I define radio as ‘voices with stories attached’ and my earliest memory is of the kitchen at home on a Saturday night, the air smelling of soap and freshly-scrubbed children and us all listening to Dear Sir or Madam presented by the late John Skeehan. I can still hear his voice reading out the letters and that distinctive signature tune that included the sound of typewriter keys clacking – The Typewriter by Leroy Anderson, I now know. Maybe my fascination with it was a sign of things to come. I still have a fascination with the old Smith and Corona machines …
Listen in on YouTube where there are many versions of it – an oldie but goodie..
My first radio success was with a radio play, Dark Horse broadcast on RTE Radio 1 in 1990. A previous play The Biscuit Tin hadn’t quite made it but had earned me a place on a “Writing for Radio” workshop in RTE.
I still remember the day Dark Horse was broadcast and the delight of a) hearing the words on the page coming to life and b) hearing words I’d written coming out of the mouths of familiar RTE Players like Brendan O’Duill.

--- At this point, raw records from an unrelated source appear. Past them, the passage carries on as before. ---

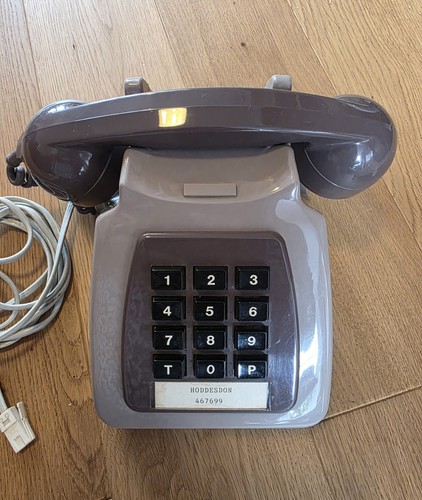 Vintage gpo telephone 772 - 772, push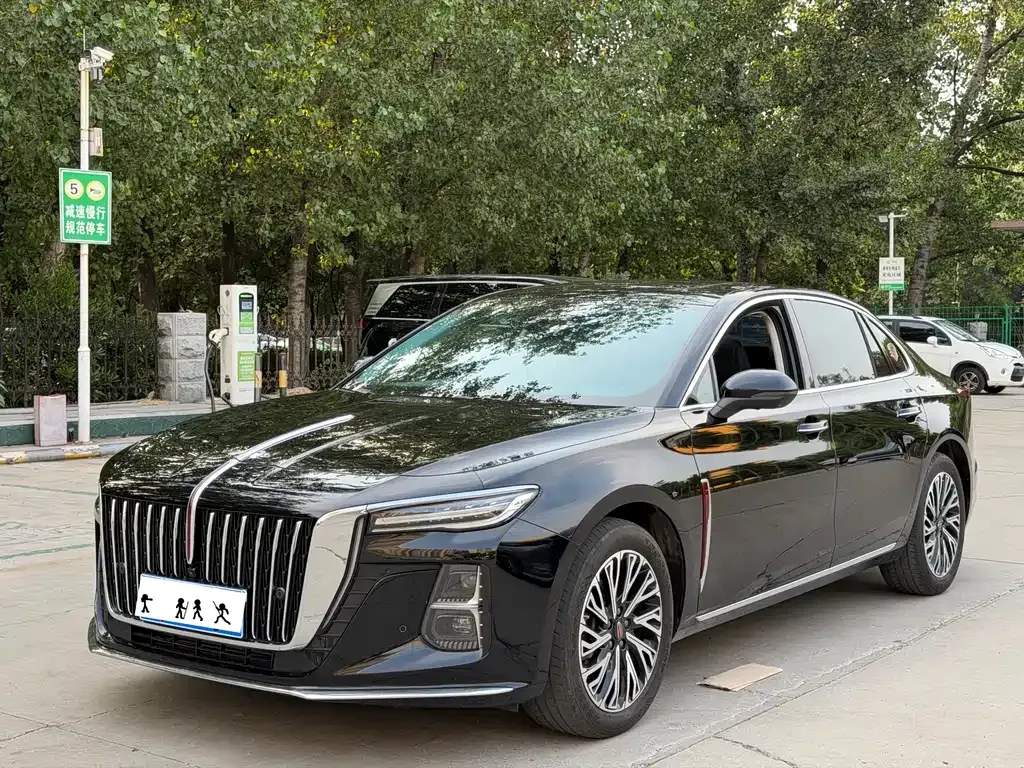 Hongqi H5 — фото 1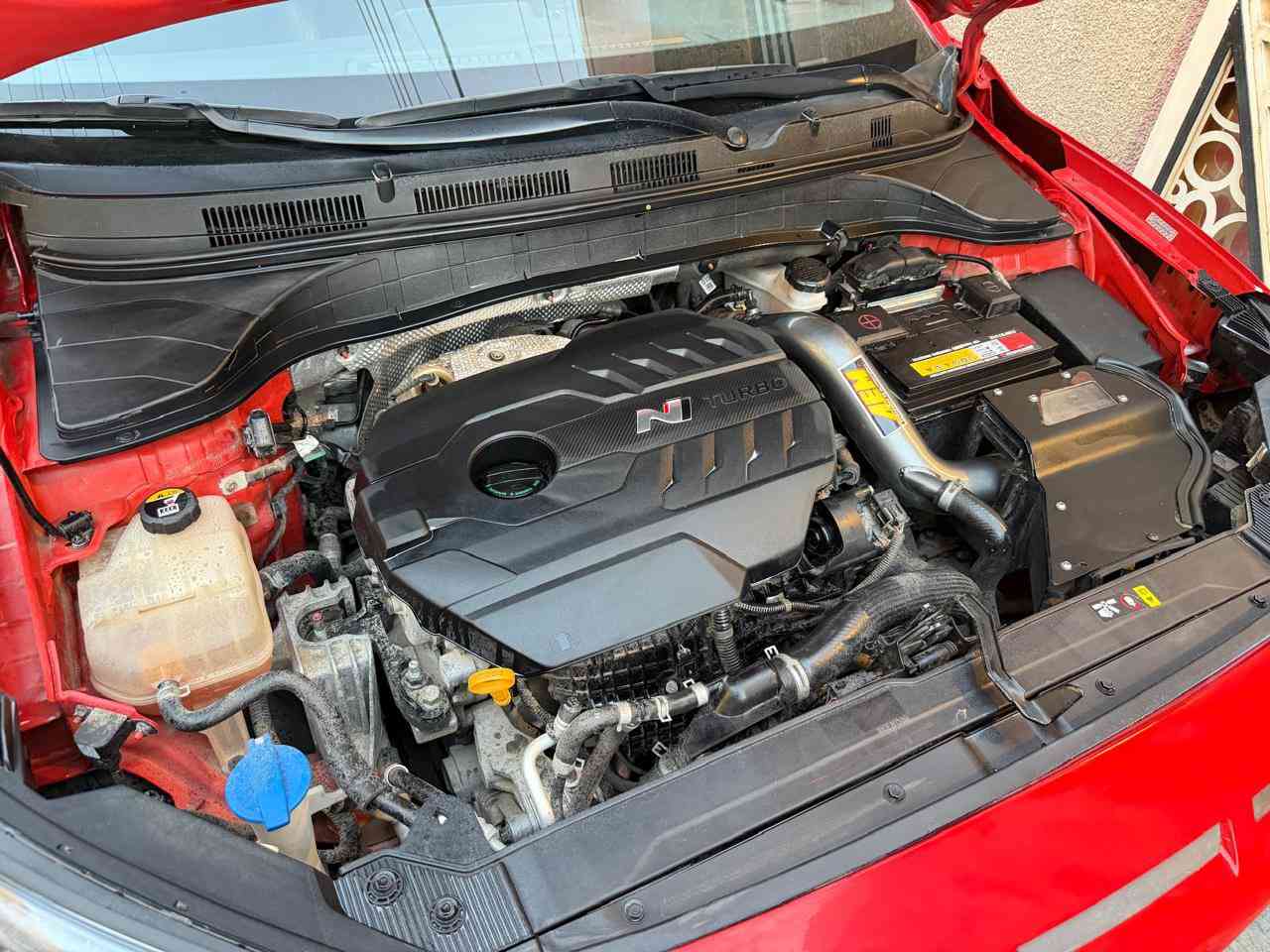 سلام عليكم 
كونا N line 2023
محرك 2000 تيربو 
سيارة N اصل 
ماشية 83 الف ميل 
وارد امريكي ليبل واحد 
حادثه مقدمه البنيد فقط بدون اي شي اخر
صور الحادث مرفقه 
شاصي سليم لغود سيلم 
مواصفات فول 
سيارة N مع تزويد كامل مع برجمة امريكه 
رادار امامي تفاعلي 
رادار جانبي 
حساس مري 
مع نقاط عمياء 
بصمه ابواب ومع بصمه تشغيل تشغيل عن بعد 
كراسي الاماميه مع ريكارو مع كهرباء 
مودات قيادة 4 
لايت عدسات مع متحرك
مخاوج usb مع تايبسي 
رادار خلفي مع كامرات 2 
ويل رياضي حجم 20 مع تخم تاير جديد
سيارة بدون نواقص جاهزه لاخير 
سيارة سنويه جديده وهزه جديده بأسمي 
السعر 175 ورقه 
مكاني بغداد الدوره حي اسيا
الرقم *********** متواجد اتصال و واتساب
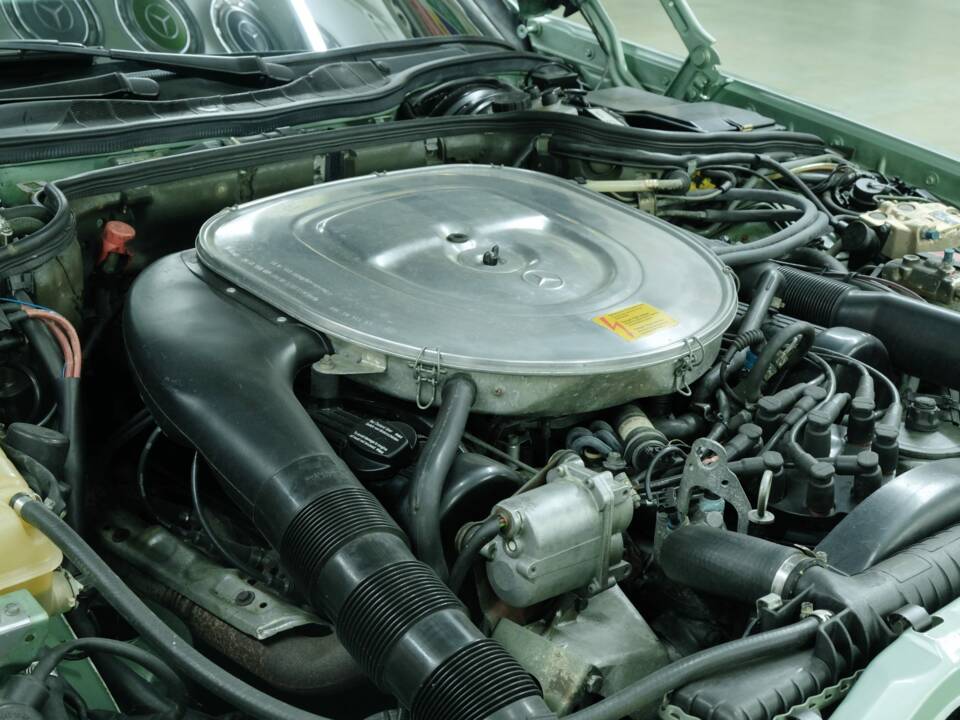 Bild 26/50 von Mercedes-Benz 500 SEC (1988)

I later worked with South East Radio as a breakfast show co-presenter and a researcher on its current affairs programme Regional Express where I particularly enjoyed working on the People and Places series with producer and presenter, Alan McGuire. It was a series that focused on the lives of communities and individuals across the county. Contributing to the farming programmes was also a huge interest – reared on a farm, I wasn’t far from my roots.

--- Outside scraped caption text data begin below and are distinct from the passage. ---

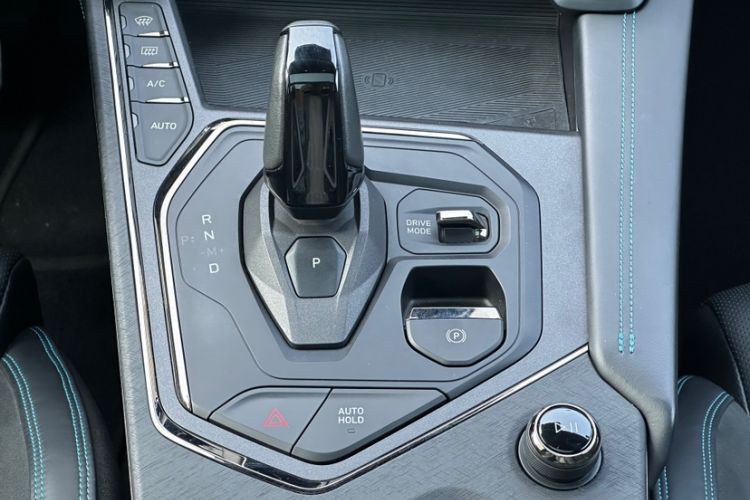 Used Lynk & Co 05 EM-P 2021 1.5TD PHEV HALO Interior 5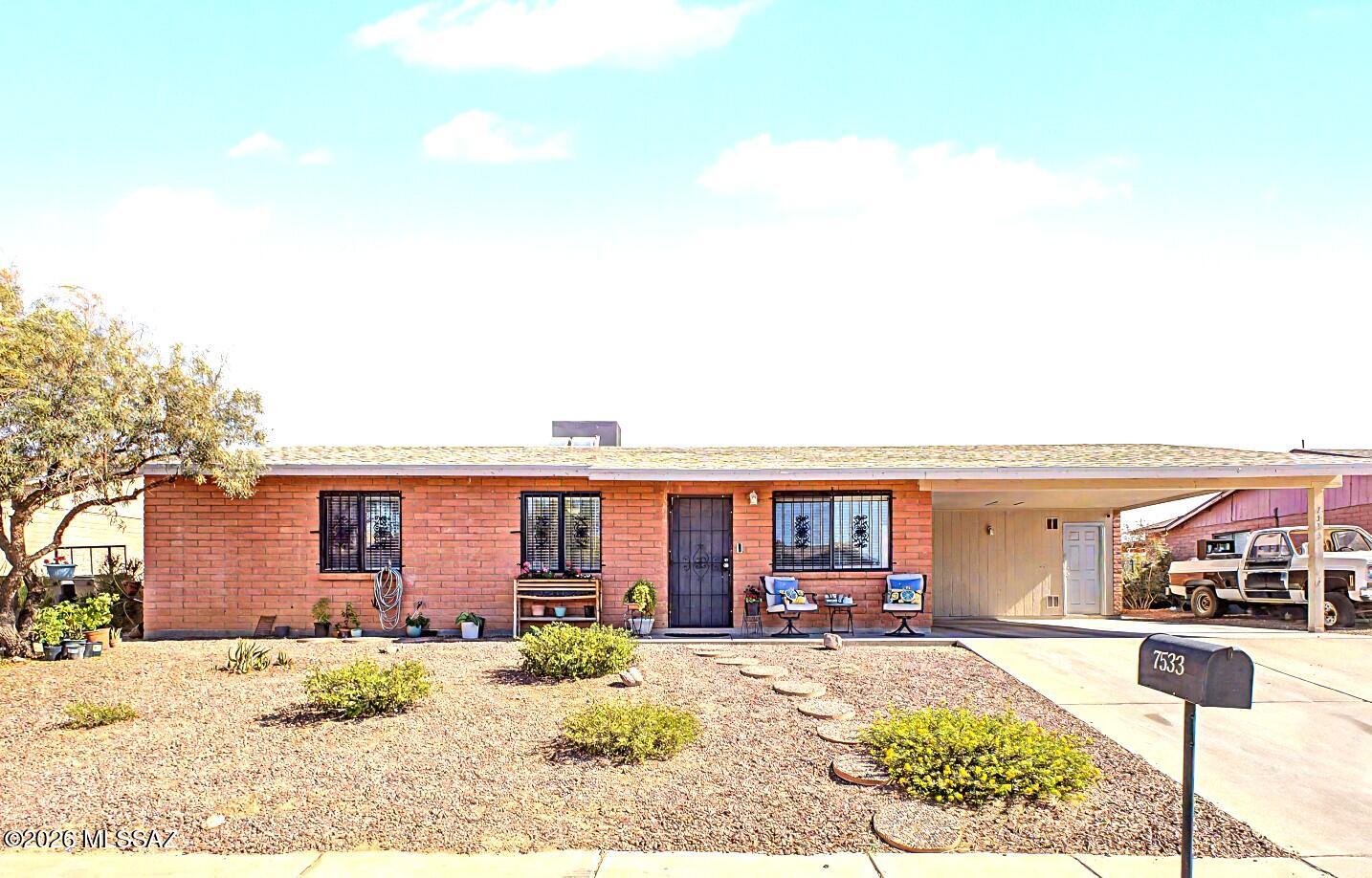 7533 W Calle Aragon — photo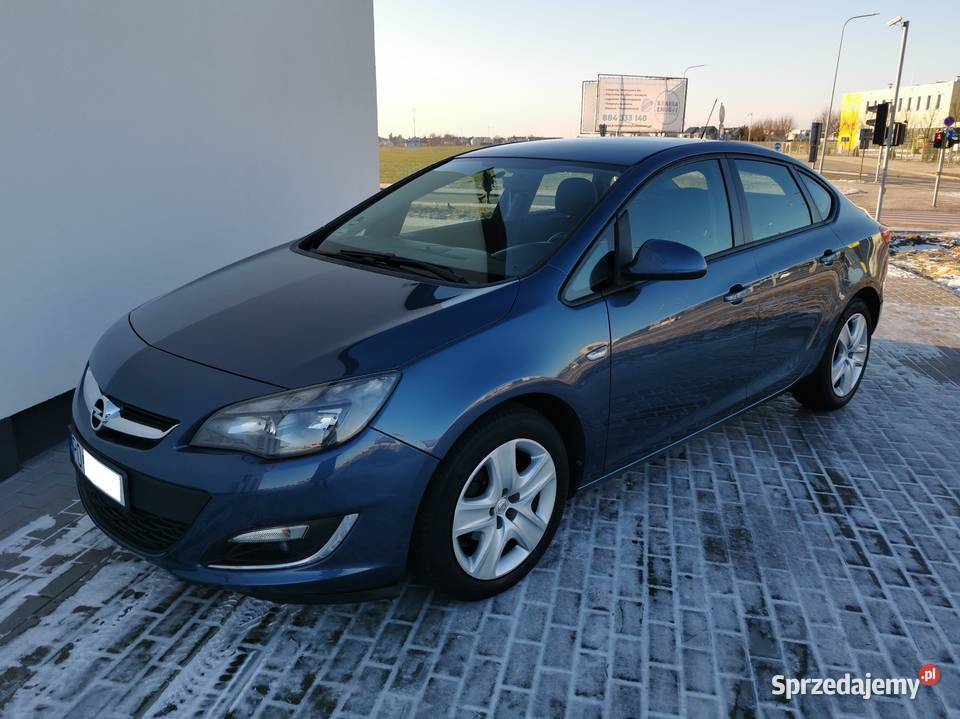 Opel Astra J 2013r 16 16V 115 SALON POLSKAstan Poznań sprzedam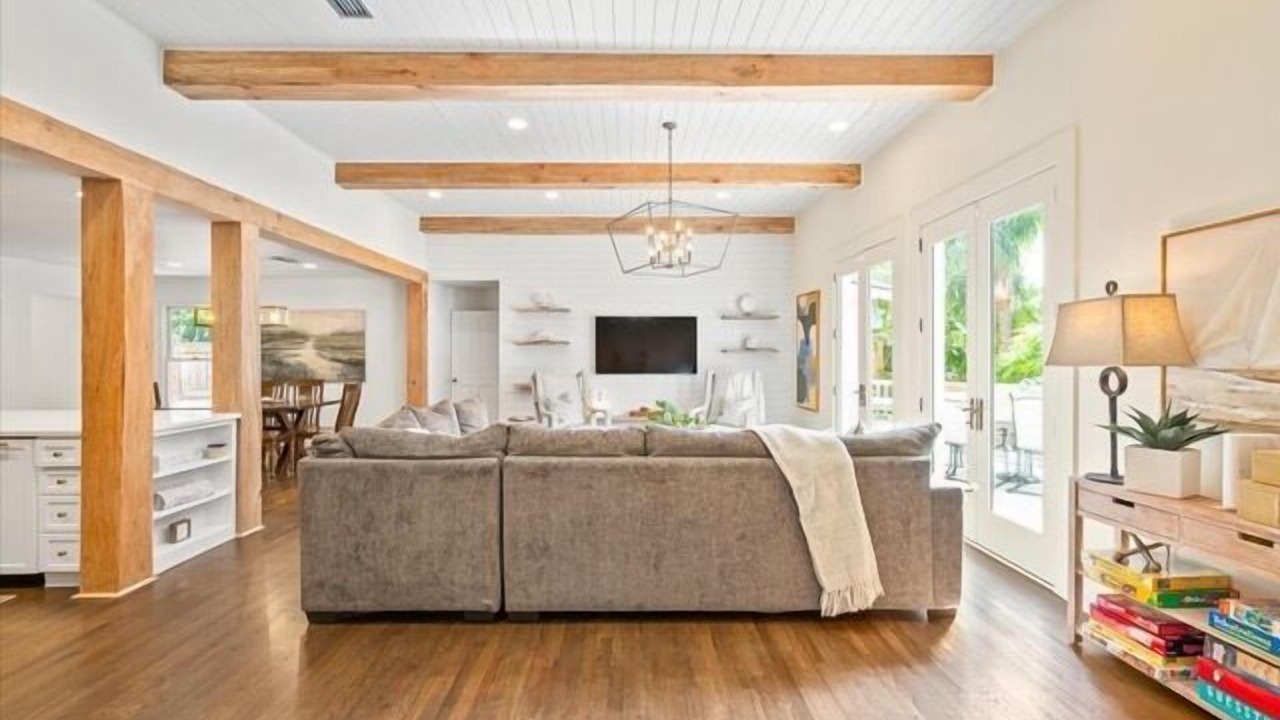 Photo of Livingroom in King City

It was also in South East Radio that I first researched Rose’s story and subsequently made a radio documentary entitled Forgotten People which was broadcast in October 2000. I was delighted that it received funding and commendation from the Independent Radio and Television Commission (now the Broadcasting Commission of Ireland).
Sunday Miscellany essays came later. It is a programme of music and musings that I had always had an ambition to write for. Shyness eventually overcome, I submitted my first piece, Blasted Stones – a reminiscence about land reclamation on the Wicklow farm I was born on in the 1960s and the drama that day when stones were blasted sky-high so that the cow could give way to the plough … It was also published by New Island Books in an anthology, Sunday Miscellany 2004-2006.
Missing the Beet, a reflection on the loss of Ireland’s sugar beet industry was also broadcast by RTE and published in Sunday Miscellany 2008-2011, a second anthology from New Island.
To listen to a podcast click on: Missing The Beet
Stay tuned for other pieces, news of which will be posted on my blog.
The one-woman show Is There Anybody Sitting Here (aka Mabel at the table) was written in the space of three weeks – it literally took me over. It was about a woman bending the ear of every person she sat down beside in a café about the men in her life and why she was calling it a day where the opposite sex were concerned.
It has been staged three times in Wexford Arts Centre and the script is available through the The Drama League of Ireland and runs to 50 minutes – ideal for a lunch-time or dinner theatre billing.